A Politics of Intuition: Stan Douglas Reimagines an Era of Revolt at the 59th Venice Biennale 

Gabrielle Moser
Vancouver, 15 June 2011
Stan Douglas Vancouver, 15 June 2011, from the series 2011 ≠ 1848, chromogenic print on Dibond, 150 × 300 cm, 2021.
Photo : © Stan Douglas, courtesy of the artist, Victoria Miro, London and Venice, and David Zwirner, New York, London, Paris and Hong Kong
There is perhaps no other artist for whom a year-long delay in presenting their work at the Venice Biennale feels as though it was engineered by design, rather than by chance. Throughout his thirty-five-year practice as a filmmaker, photographer, and multimedia artist, Stan Douglas has consistently surfaced the belated meaning of historical events, finding engaging, narratively complex ways to show us how the past continues to reverberate in the present. Building image archives for events that should have registered on camera but didn’t—from failed modernist utopias and civic uprisings to the everyday labours of jazz musicians and union organizers—Douglas has made a career of reimagining past moments that, in hindsight, were historical linchpins: times when things could have gone one way, but instead went another. 

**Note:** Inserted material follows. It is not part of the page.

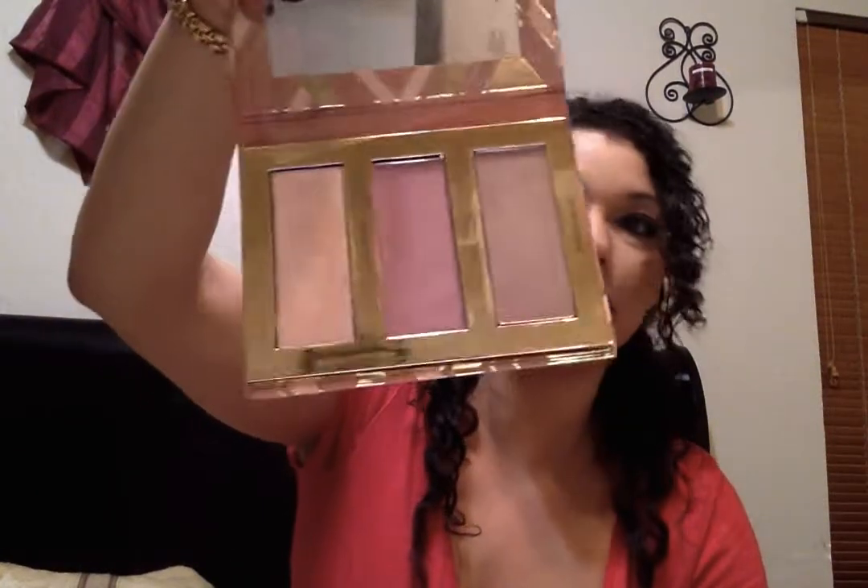Last but not least, I picked up on sale the NARS Velvet Lip Glide Duo and I absolutely love them — they were so pretty. I got them in the colors Rapture and Night Together, and it was the gloss. I love it, it's beautiful. And then I also got Tarte's Hampton's Weekend, and this smells like vanilla — like a sweet vanilla. These colors are amazing.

Now, a year later than planned, following the disruptions of the global COVID-19 pandemic, Douglas is unveiling a new suite of works, commissioned by the National Gallery of Canada, as his contribution to the Canadian Pavilion at the 59th Venice Biennale, using photography, film, and sound to invent an archive of civic refusal. For 2011 ≠ 1848 (2021–22), on view at the national pavilion in the Giardini, Douglas has created photographic documentation for contemporary moments of riot and resistance that transpose them to the register of major historic events. Across four panoramic staged photographs depicting protests that emerged around the world in 2011—from the highly politicized Arab Spring movement and riots in London responding to austerity measures and police violence in the UK, to the less spectacular events of Occupy Wall Street in New York City and a hockey riot in Vancouver, his hometown—Douglas probes the unrealized potential of these grassroots actions, in which activists’ demands for transformation were largely unsuccessful. Not only were the events of 2011 communicated to, and copied by, geographically distant groups thanks to the internet but, as the title of the series suggests, 2011 also mirrored the many smaller, bourgeois revolutions that took place across Europe in 1848, with their varying demands—for voting rights, freedom of the press, and an end to wealth disparity—that went largely unmet. Although it is tempting to see the 2011 protests as the return of the unfinished past, implicit in Douglas’s juxtaposition of these two histories is a question of which stories of resistance, and which actors, get taken up as global history, and which ones register only in the quiet tones of local collective dissatisfaction.